* _AIM OF THE TASK_:
Copy exactly the lines of the records below, and only those lines, beginning with the line that contains "from 01-18-25, 09:56" and ending with the line that contains "Maserati Levante 3.0".

* _RECORDS PROVIDED_:
_____

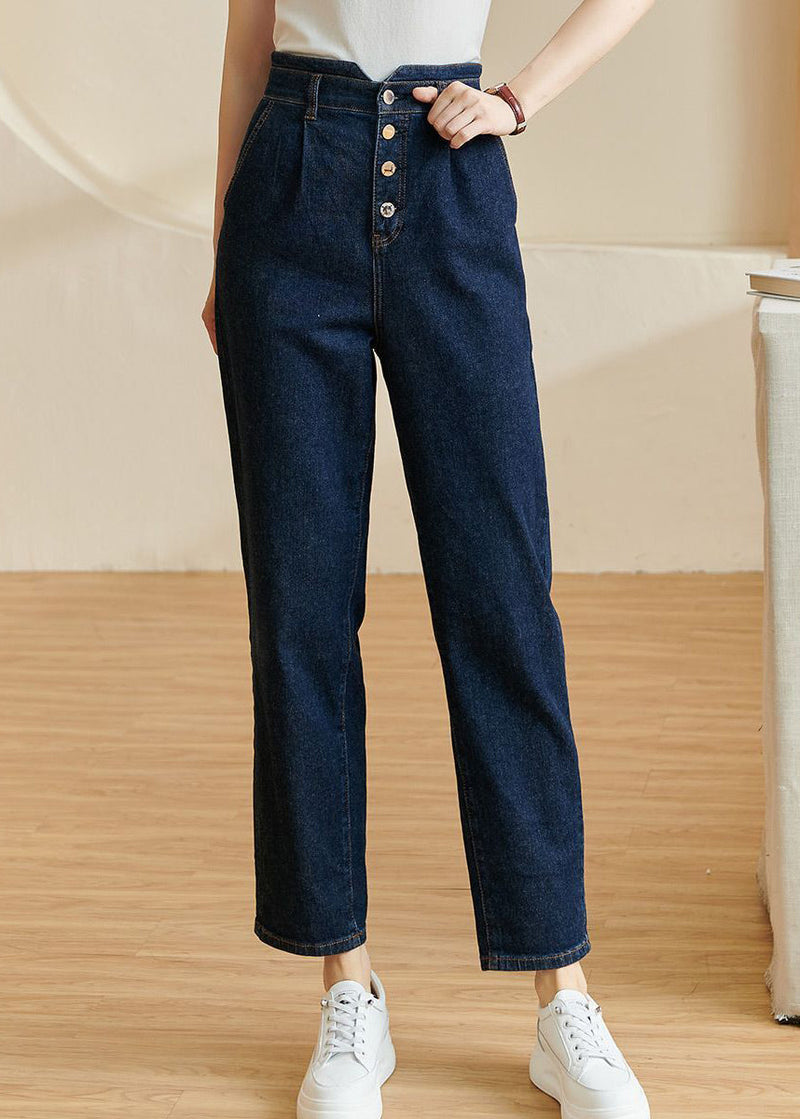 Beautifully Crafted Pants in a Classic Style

_____

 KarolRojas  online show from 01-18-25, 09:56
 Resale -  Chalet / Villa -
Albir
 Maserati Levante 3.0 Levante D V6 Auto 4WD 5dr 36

_____

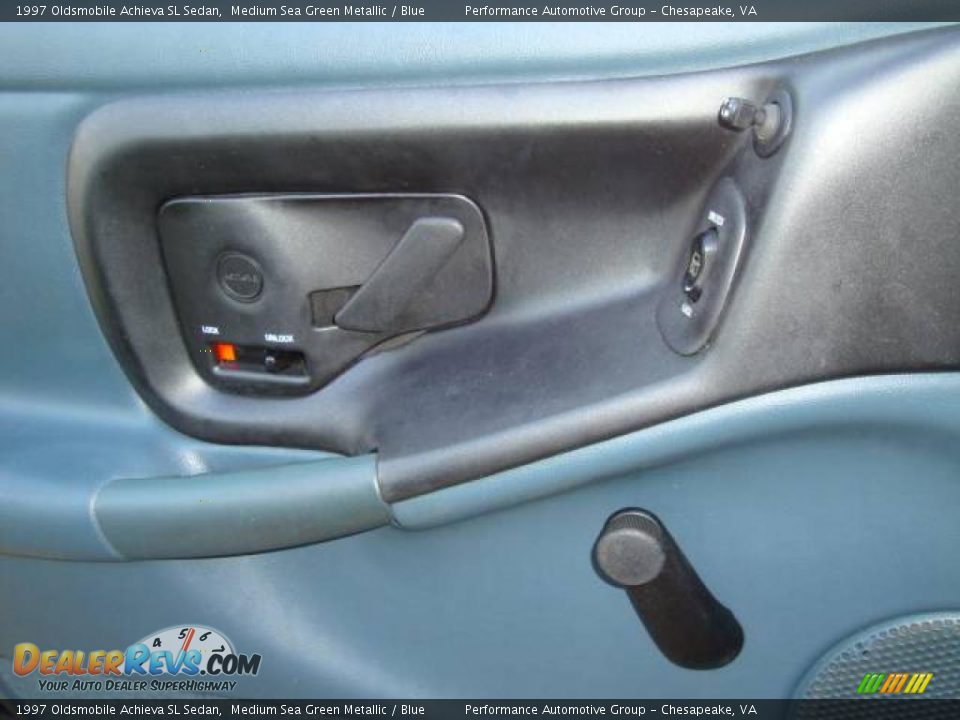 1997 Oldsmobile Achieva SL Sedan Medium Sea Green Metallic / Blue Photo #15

_____

* _RESULT OF THE TASK_:
 KarolRojas  online show from 01-18-25, 09:56
 Resale -  Chalet / Villa -
Albir
 Maserati Levante 3.0 Levante D V6 Auto 4WD 5dr 36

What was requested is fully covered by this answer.